Même nos architectes et nos ingénieurs ne reprendront pas la place qui leur revient, en mettant de coté l'innovation, la recherche et la veille technologique, ils ne mettront pas en exergue leurs connaissances, supposé, dans un cadre de développement durable qui devait intégrer les dernières techniques de construction et de matériaux, car il ne faut pas omettre que ces 10 millions d'habitants auront besoin de pas moins de 10 millions de KiloWatt d'électricité qu'il faudra bien intégrer au réseau, une moyenne de 500.000 m3 jour d'eau, a mobiliser. et que même ici les entreprises Chinoises ont pris les devants.
Enfin, les solutions dans le bâtiment existent, reste a les appliquer soigneusement, là ou il faut. Des solutions comme :
les modules photovoltaïques pour la production d'énergie propre: de plus en plus léger, moins encombrant, dont certains produits sont déjà intégrés aux matériaux de construction traditionnels (toiture en tuile, vitrage anti-soleil et générateur d'électricité...(voir rubrique "matériaux de construction")

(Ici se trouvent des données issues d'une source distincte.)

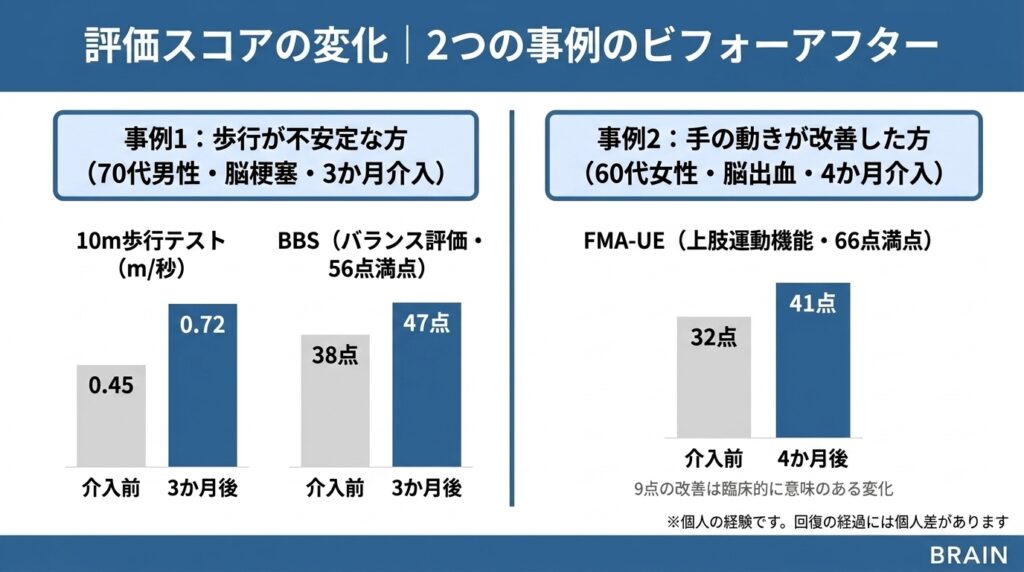 BRAINでリハビリに取り組まれた2事例の評価スコア変化グラフ。事例1（70代男性・脳梗塞・3か月介入）は10m歩行テストが0.45m/秒から0.72m/秒、BBS（バランス評価）が38点から47点に改善。事例2（60代女性・脳出血・4か月介入）はFMA-UE（上肢運動機能・66点満点）が32点から41点に改善し、9点の改善は臨床的に意味のある変化。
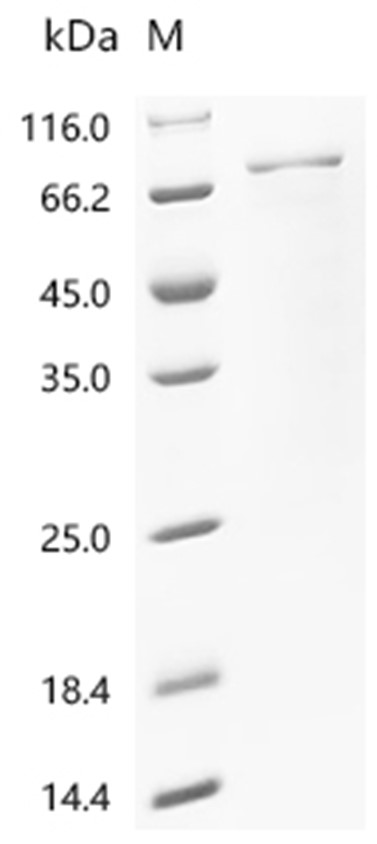NR4A1 Protein, Human, Recombinant (His & Myc)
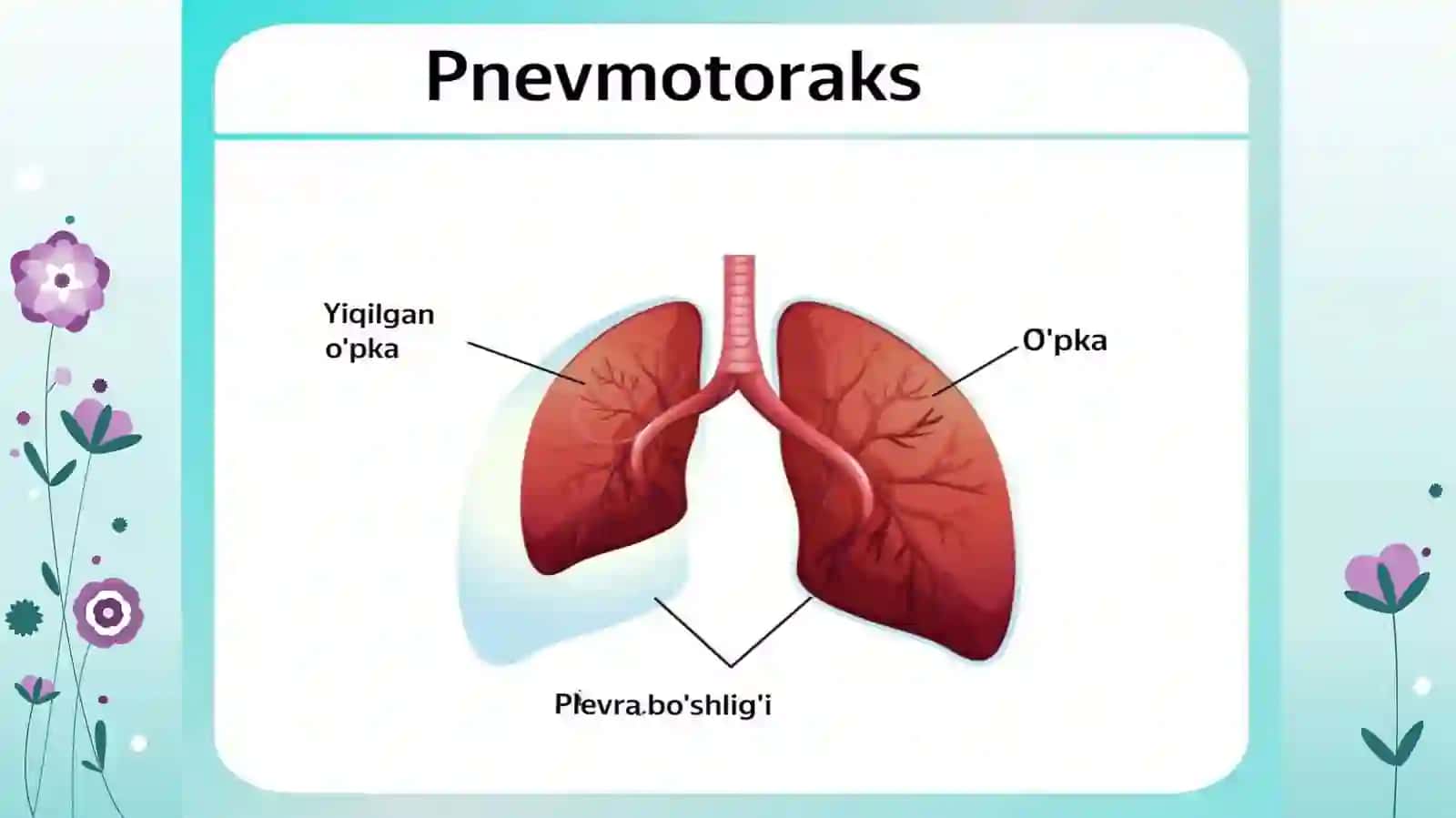 Tuberkulyozning shoshilinch tibbiy yordam talabqiluvchi asoratlari:Spontan Pnevmotoraks 4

La valorisation d'entreprises productrices de matériaux de constructions moins polluants comme la peinture 100% naturelle ( sans solvant ni hydrocarbures), lavables et surtout sans effet allergique sur l'être humain,(voir rubrique "matériaux de construction")
En matière d'isolation, une maîtrise de la ventilation, de l'étanchéité des logements permettra non seulement de diminuer les problèmes d'allergies (surtout chez les enfants) mais aussi, d'économiser l'énergie nécessaire au chauffage ou à la climatisation.
Penser au recyclage des eaux usées en intégrant dés le départ des stations souterraines d'épuration d'eau, ces eaux même si elles ne sont pas potables, elles seront réinjectées dans un circuit fermé et isolé pour les chasses d'eau afin d'économiser sur la consommation d'eau potable.(voir>>> rubrique dessalement d'eau). Prévoir même des systèmes de récupération des eaux pluviales (gouttières par exemple) connectées à bâches d'eau intégrées aux stations souterraines.
Il est aussi possible de fabriquer des briques à partir des boues issues des stations d'épuration. (voir rubrique "matériaux de construction").
Par ailleurs, le million de logement nécessitera quelque 20 millions de tonnes de ciment, l'Algérie n'en produit à peine que 50%, l'autre moitié est importée, alors que le retour aux liants traditionnels comme la chaux, ne serait ce que pour les applications de finition permettrait au moins quelques économies.
D'autres possibilités d'économiser le ciment en intégrant au béton et à parts égale du polystyrène remplaçant ainsi la partie sable, ce qui permettra de diminuer considérablement l'érosion du littoral.
Travailler à la chape flottante allégée et thermo-acoustique.
Faire varier les procédures de construction en intégrant de nouveaux modules pour murs, dalles et toitures fournies en module et qui s'assemblent par simple emboîtement.
Des tapis drainant sous dallage peuvent très bien remplacer les hérissons drainant traditionnels.
Des modules en plastiques résistants, qui repartissent les efforts sur toute la surface du dallage permettant ainsi, de réduire le volume de gravier, et de béton.
Pourquoi ne pas engager des recherches sur des possibilités de construction sans l'utilisation des matériaux traditionnels, qui ailleurs, appartiennent déjà au passé?
Pourquoi continuons nous a utiliser le goudron pur pour les routes alors que des alternatives existent comme l'utilisation de la poudrette de pneus usagers (utilisée aussi comme gomme pour les aires de jeux)?
Autant de questions, que seule la valorisation de la recherche dans le secteur et la création de synergie entre le secteur du bâtiment et les universités, afin d'adapter ce qui se fait ailleurs en terme d'innovation technologique et le traduire sur le terrain.
En attendant tout cela, J'espère que ça aura l'allure de Brasilia à la shanghai.